Estos son indicadores claros de que la guerra que supuestamente lleva adelante el Estado Plurinacional, a través de un ministerio especial, ha sido muy mal encaminada. No sólo se ha concentrado exclusivamente en los hechos del pasado, con fines netamente políticos, sino que coloca la lupa en los casos que tienen que ver con la oposición, lo que ha convertido a la cartera en cuestión en el arma perfecta para la persecución y la defenestración de los liderazgos disidentes.
Es verdad que se han denunciado y procesado numerosos hechos surgidos en la administración oficialista, pero precisamente éstos se han dado por una suerte de desborde de las irregularidades cometidas en un contexto de anomia, de irrespeto absoluto a los procedimientos administrativos y de desplome total de la institucionalización.
El Gobierno de Evo Morales intentó convencer a todos que la lucha contra la corrupción era una cuestión de clase y constantemente ha repetido que la gente que lo acompaña, en su mayoría dirigentes de organizaciones sociales, campesinas y sindicales, es honesta e incapaz de robar.
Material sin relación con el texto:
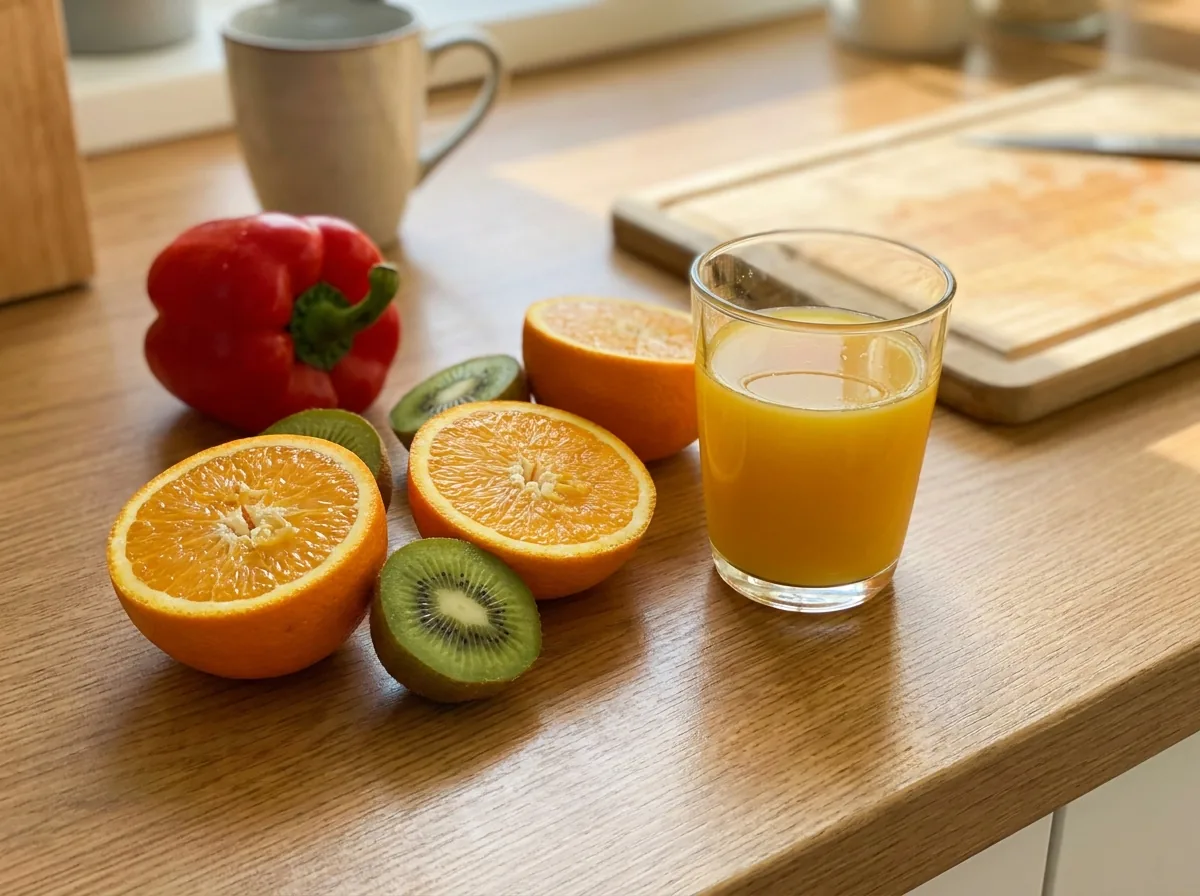 Oranges, kiwi and red pepper with a glass of orange juice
Los hechos han demostrado que la corrupción no distingue raza, color de piel ni condición económica y que mientras el Estado tome los recaudos legales y administrativos, y siga conduciendo el país en función del padrinazgo político, la prebenda y el clientelismo, el país no podrá salir del pozo en el que se encuentra, que además le ocasiona pérdidas económicas impresionantes.
El ejemplo debería partir del presidente Morales. Hasta ahora nadie sabe cuáles fueron los procedimientos que se siguieron para la compra del lujoso avión Falcon que demandó una erogación de casi 40 millones de dólares. No hubo licitación, no se sabe quién y en base a qué parámetros se tomó la decisión y todo indica que se trató de un impulso, de una orden al típico estilo caudillista que lamentablemente nos está conduciendo a un despilfarro descomunal de los recursos públicos que, como contraparte, ayudan a profundizar la miseria en el país. La carretera que pretende partir el Tipnis en dos y que tiene tan enfrascado al primer mandatario. Ese es otro ejemplo de la discrecionalidad con la que se manejan los asuntos que merecen mayor transparencia. Son cientos de millones de dólares en juego y nadie sabe cómo ha sido manejado. Obedecer al pueblo es ante todo, rendirle cuentas, en eso radica la soberanía de la población.
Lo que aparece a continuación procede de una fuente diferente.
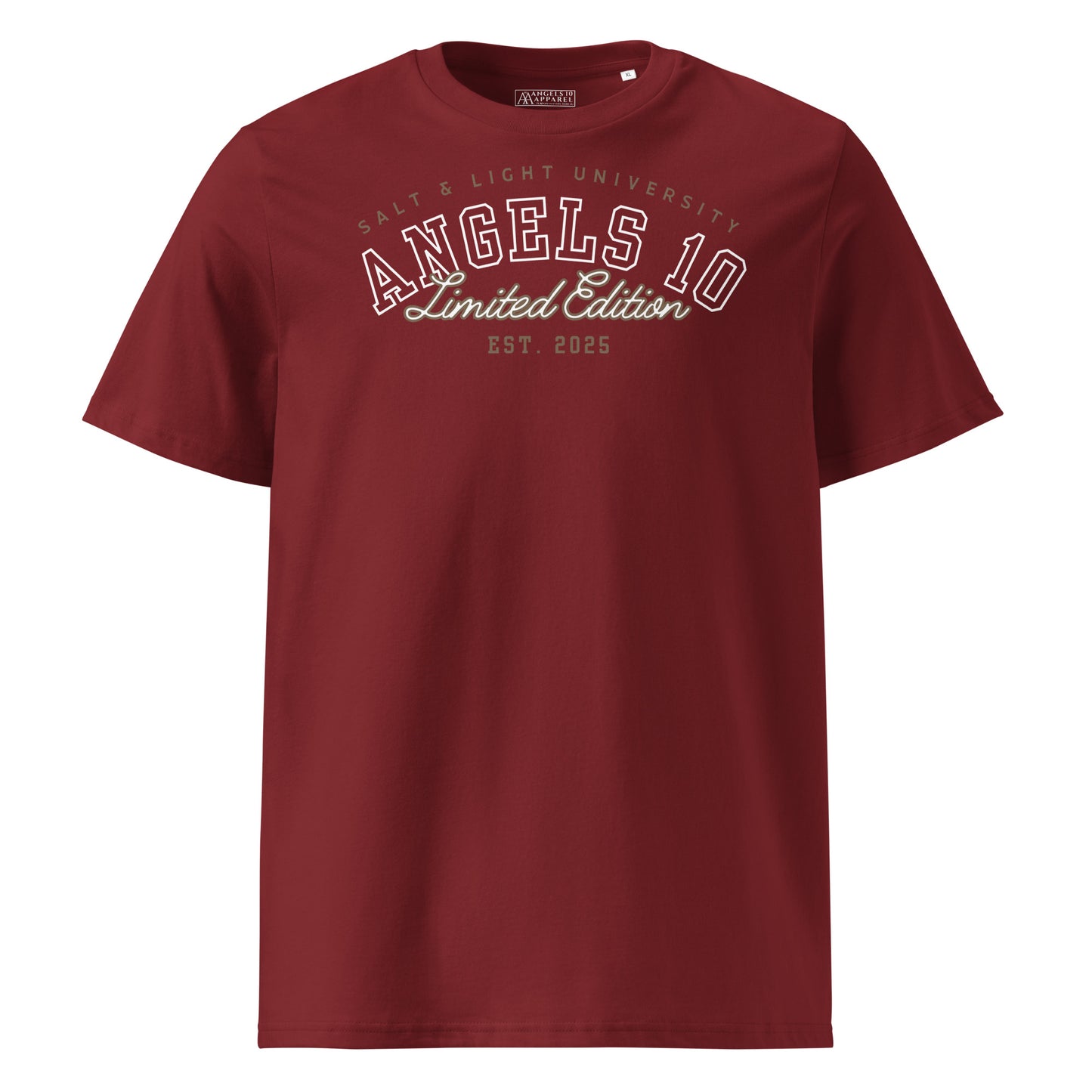 Front view of the Salt & Light Unisex Organic Ribbed Neck T-Shirt in maroon, featuring a trendy logo from ANGELS 10. A perfect fit for college students who wish to represent their christian beliefs while embracing discipleship and the message of being the salt & light of the world.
Todo esto es el resultado de la excesiva acumulación de poder en manos de un solo grupo. No hay control, no existe contrapeso, las cosas se manejan con excesivo verticalismo y de esta forma la degeneración de la democracia termina volcándose hacia niveles intolerables de corrupción. Prueba de ellos es que otros países que atraviesan por procesos políticos similares el de Bolivia, como Venezuela y Ecuador, figuran entre los más corruptos del mundo.
No hay control, no existe contrapeso, las cosas se manejan con excesivo verticalismo y así la degeneración de la democracia termina volcándose a niveles intolerables.